== Data extract ==

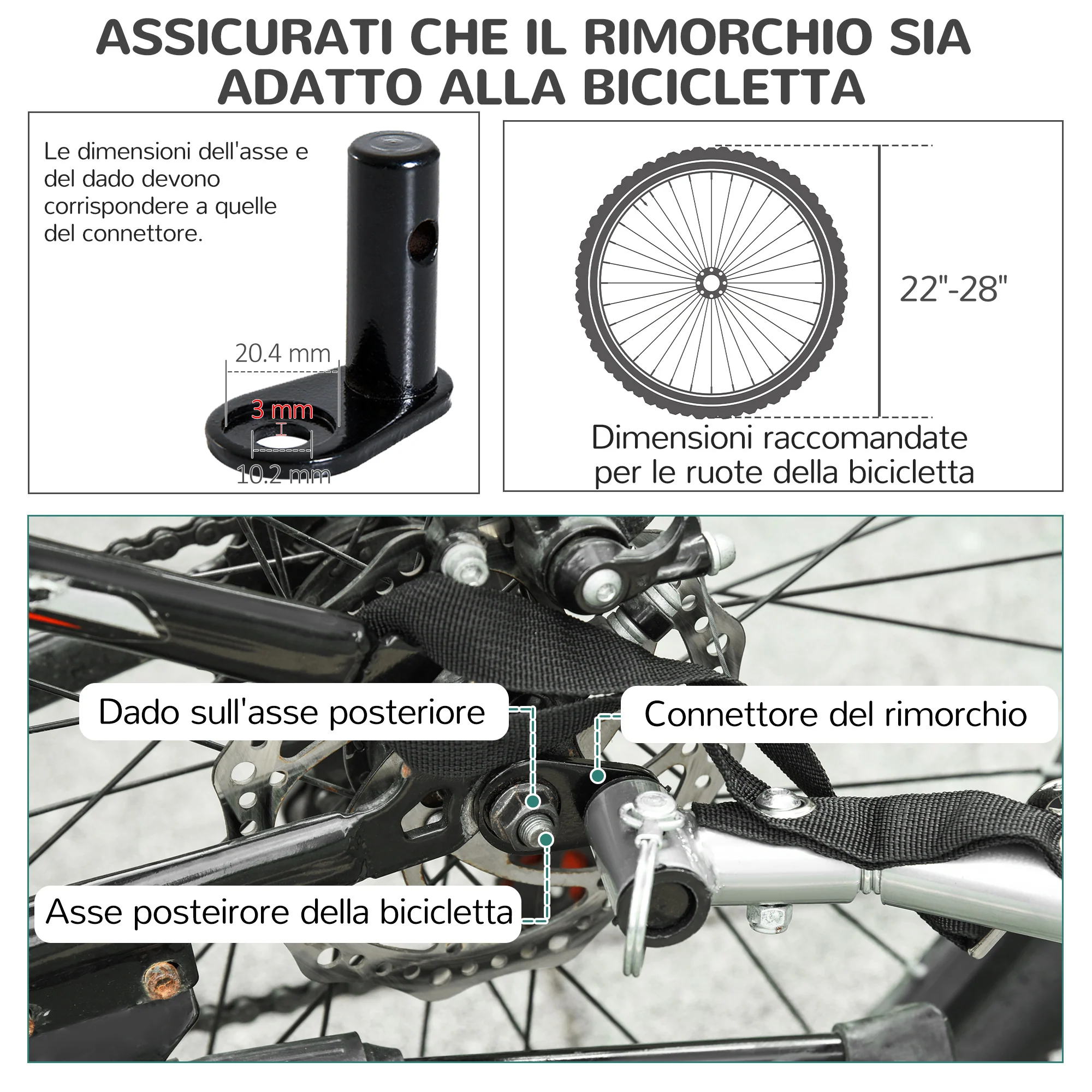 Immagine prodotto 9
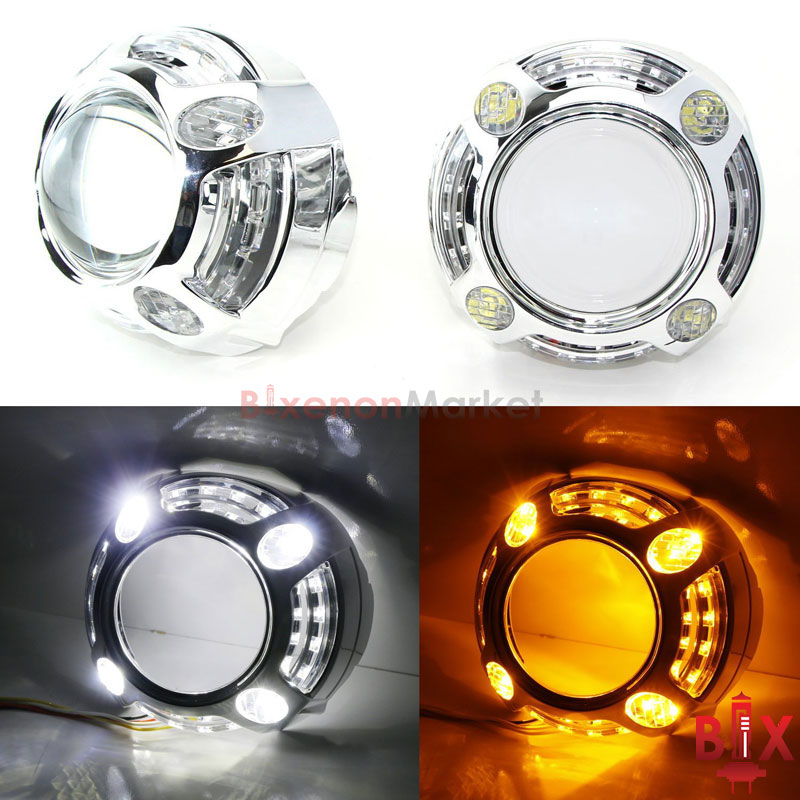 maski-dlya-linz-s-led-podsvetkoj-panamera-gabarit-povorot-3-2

===
== Data extract ==

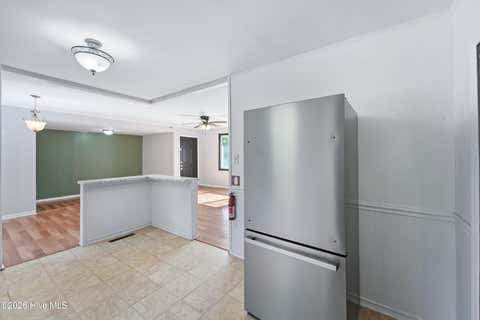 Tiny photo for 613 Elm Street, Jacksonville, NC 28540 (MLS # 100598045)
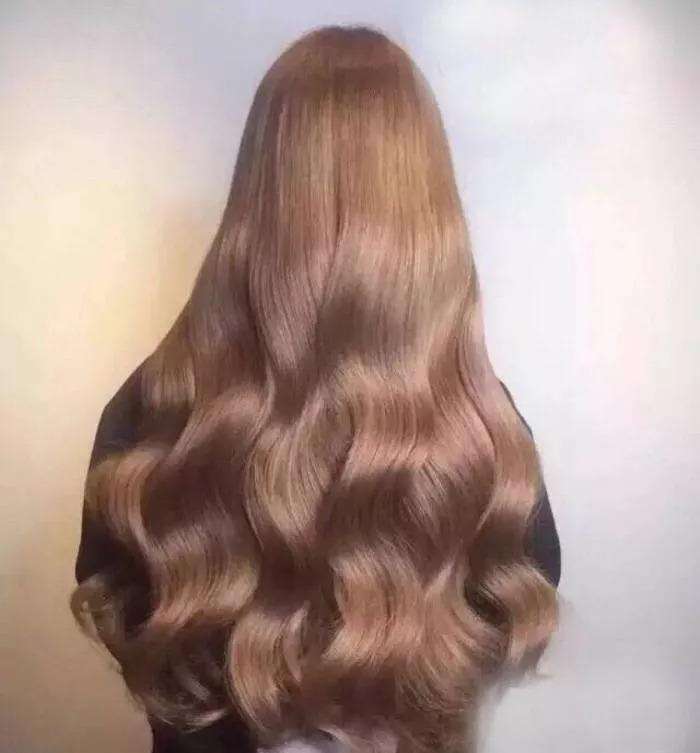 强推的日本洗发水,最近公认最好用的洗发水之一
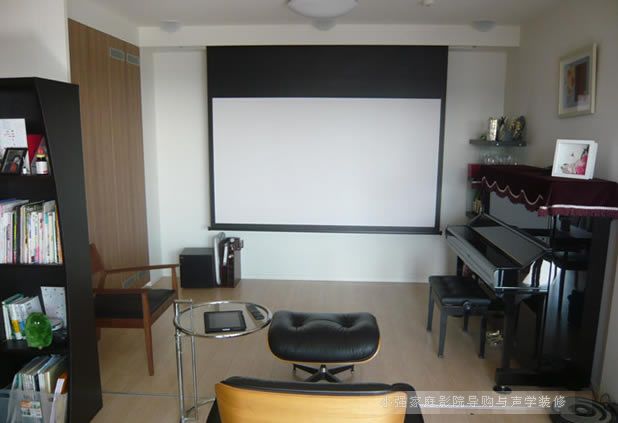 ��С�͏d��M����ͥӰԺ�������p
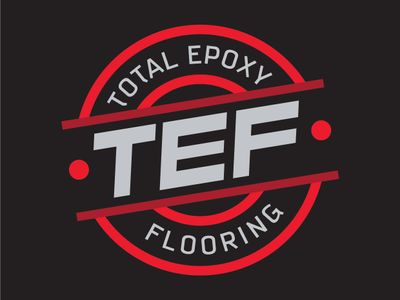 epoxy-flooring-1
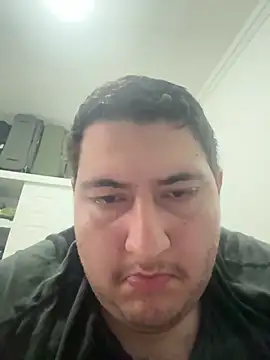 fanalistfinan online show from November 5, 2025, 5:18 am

===
== Data extract ==

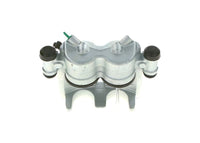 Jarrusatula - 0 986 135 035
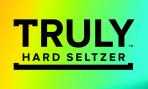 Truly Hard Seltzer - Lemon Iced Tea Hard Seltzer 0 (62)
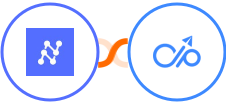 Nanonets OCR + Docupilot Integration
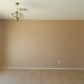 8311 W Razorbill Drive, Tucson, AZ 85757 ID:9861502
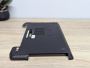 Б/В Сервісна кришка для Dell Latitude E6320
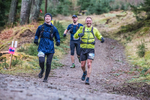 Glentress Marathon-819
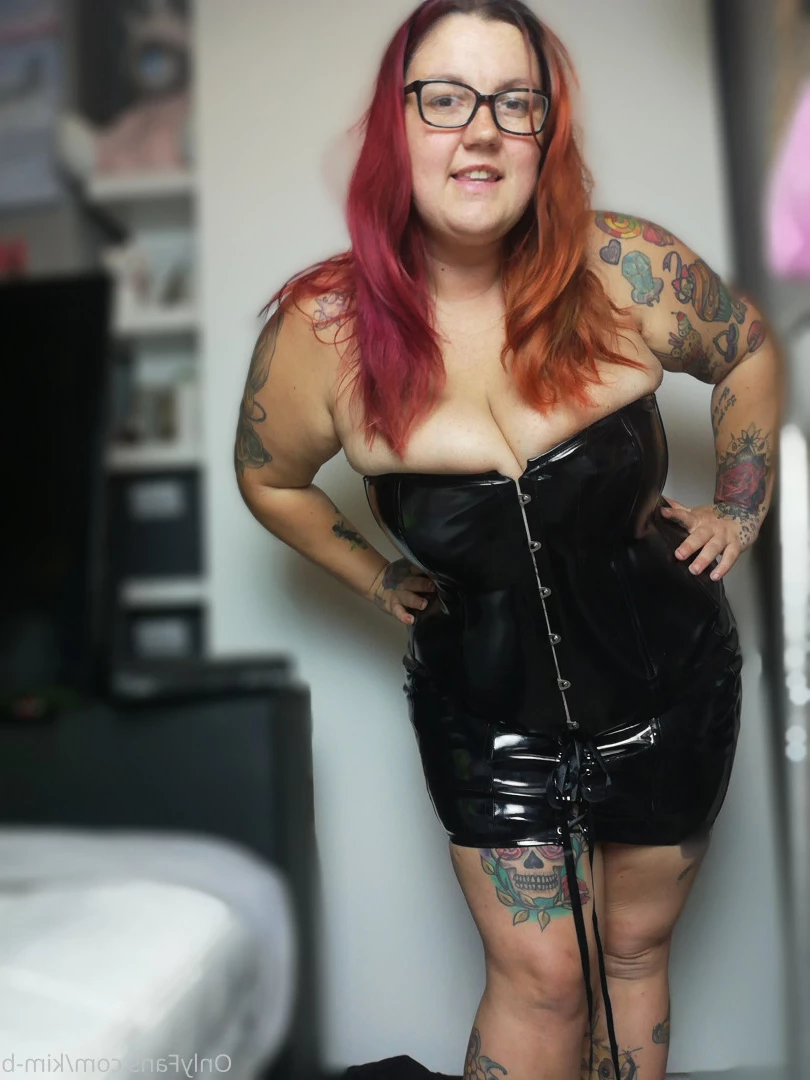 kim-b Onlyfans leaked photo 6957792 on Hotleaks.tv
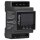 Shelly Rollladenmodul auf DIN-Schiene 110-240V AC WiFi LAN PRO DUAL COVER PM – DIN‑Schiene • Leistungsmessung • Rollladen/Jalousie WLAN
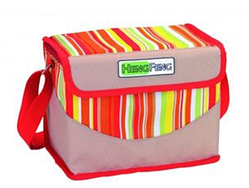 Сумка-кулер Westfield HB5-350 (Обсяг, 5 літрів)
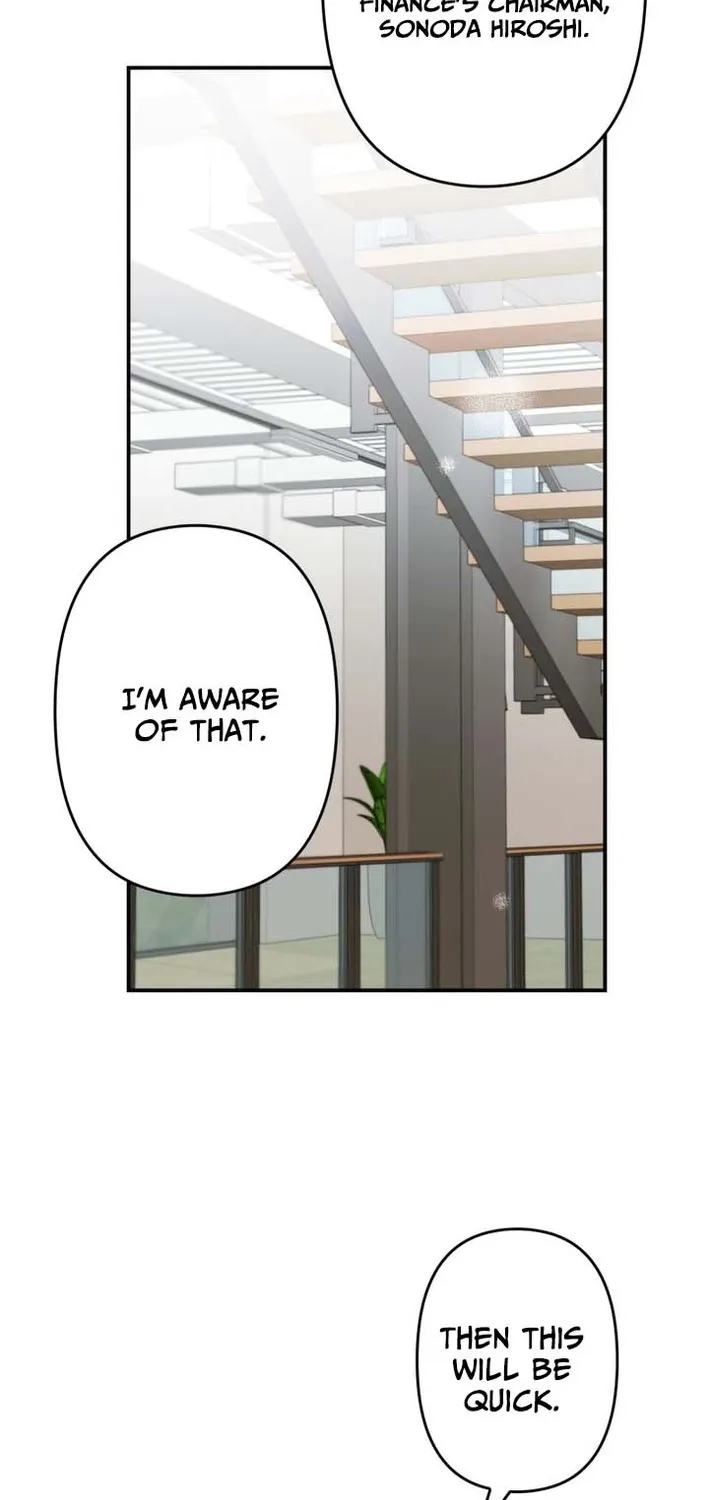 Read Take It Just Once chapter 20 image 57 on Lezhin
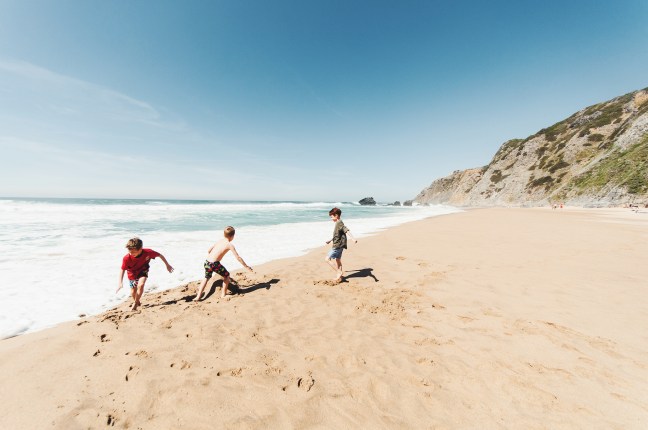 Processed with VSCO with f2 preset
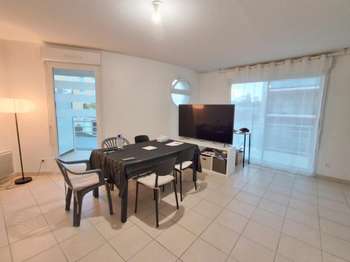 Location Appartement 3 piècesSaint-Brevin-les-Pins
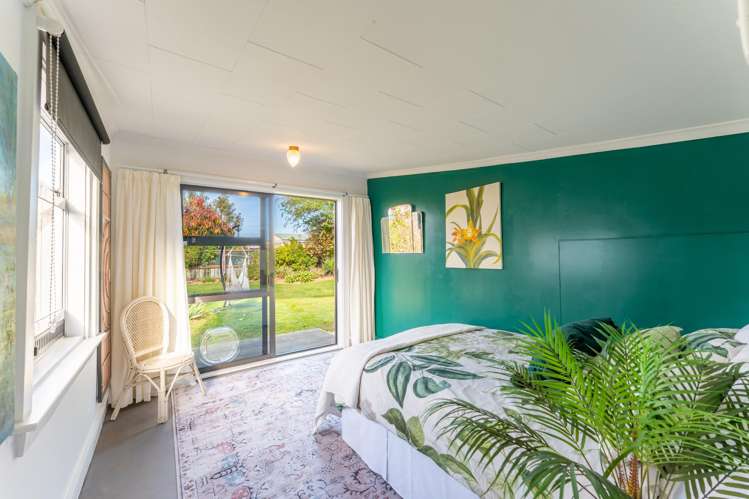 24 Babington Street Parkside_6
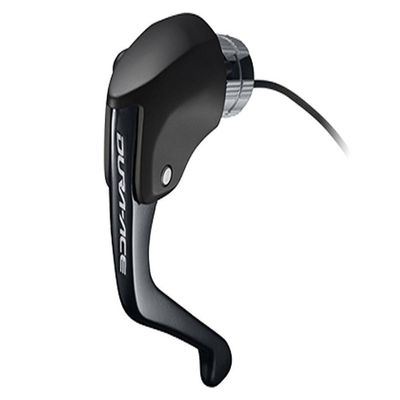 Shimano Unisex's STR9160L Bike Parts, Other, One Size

===

What do the entries above read from the line containing "kim-b Onlyfans leaked" through the line containing "Shimano Unisex's STR9160L"? Output those lines exactly, both ends included, with the pictures left out.

 kim-b Onlyfans leaked photo 6957792 on Hotleaks.tv
 Shelly Rollladenmodul auf DIN-Schiene 110-240V AC WiFi LAN PRO DUAL COVER PM – DIN‑Schiene • Leistungsmessung • Rollladen/Jalousie WLAN
 Сумка-кулер Westfield HB5-350 (Обсяг, 5 літрів)
 Read Take It Just Once chapter 20 image 57 on Lezhin
 Processed with VSCO with f2 preset
 Location Appartement 3 piècesSaint-Brevin-les-Pins
 24 Babington Street Parkside_6
 Shimano Unisex's STR9160L Bike Parts, Other, One Size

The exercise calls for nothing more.